According to an analysis presented by the association, transporters on the Lilongwe-Beira route earn about K3.2 million per trip while operating costs exceed K5.8 million. On the Lilongwe-Johannesburg route, transporters receive about K5.6 million per trip against costs of more than K13.7 million.
However, in 2008, transporters were receiving $2 000 for the Beira route when diesel averaged K400 per litre. Today, despite diesel prices rising to K6 687 per litre, representing an increase of 1 572 percent, transport rates have declined to between $1 766 and $1 850 per trip.
“Transporters are increasingly struggling to meet their financial obligations, including compliance with the recently announced minimum wage adjustments affecting truck drivers and other employees within the sector.
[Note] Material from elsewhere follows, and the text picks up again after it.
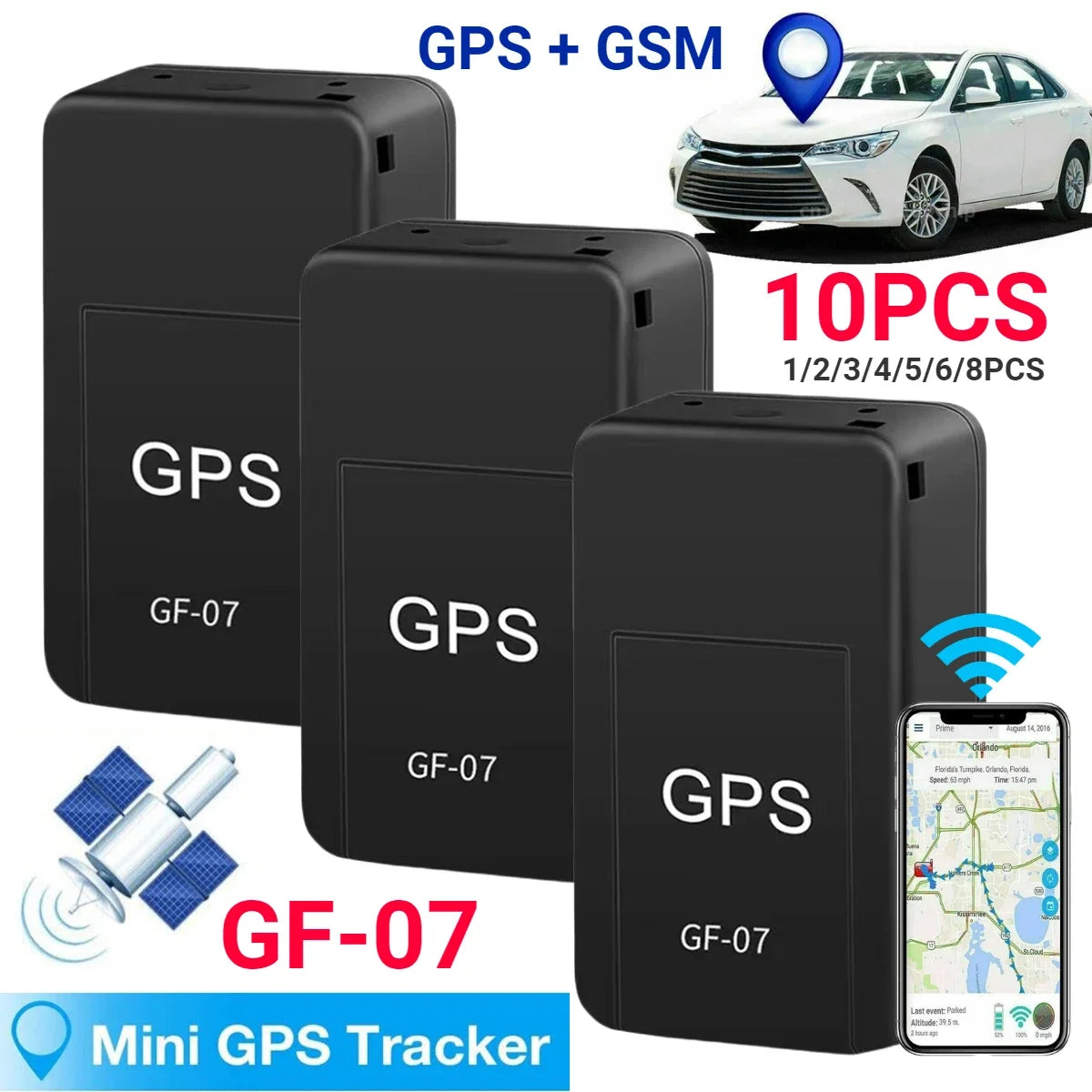 8-10PCS GF-07 Mini GPS Car Tracker Real Time Tracking Anti-Theft Anti-lost Locator Strong Magnetic Mount SIM Message Positioner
“Drivers have increasingly expressed frustration and have threatened nationwide industrial action should the situation remain unresolved,” he said.
Meanwhile, TAM has written Minister of Transport Jappie Mhango seeking his intervention over what it describes as “unsustainable haulage rates and the deteriorating financial position of Malawian transporters”.
A letter seen by Business News, dated June 1 2026 and signed by Banda and TAM secretary-general Sympathy Chisale, indicates that the move follows failed attempts to engage industry stakeholders, including tobacco companies and cargo owners, on freight charges. The association said freight forwarders had maintained that they were not the ultimate decision-makers on haulage rates.
Mhango had not responded to our questionnaire by press time.
However, according to the Ministry of Transport’s Strategic Plan, road transport handles about 99 percent of all passenger traffic, around 70 percent of domestic freight and 90 percent of international freight.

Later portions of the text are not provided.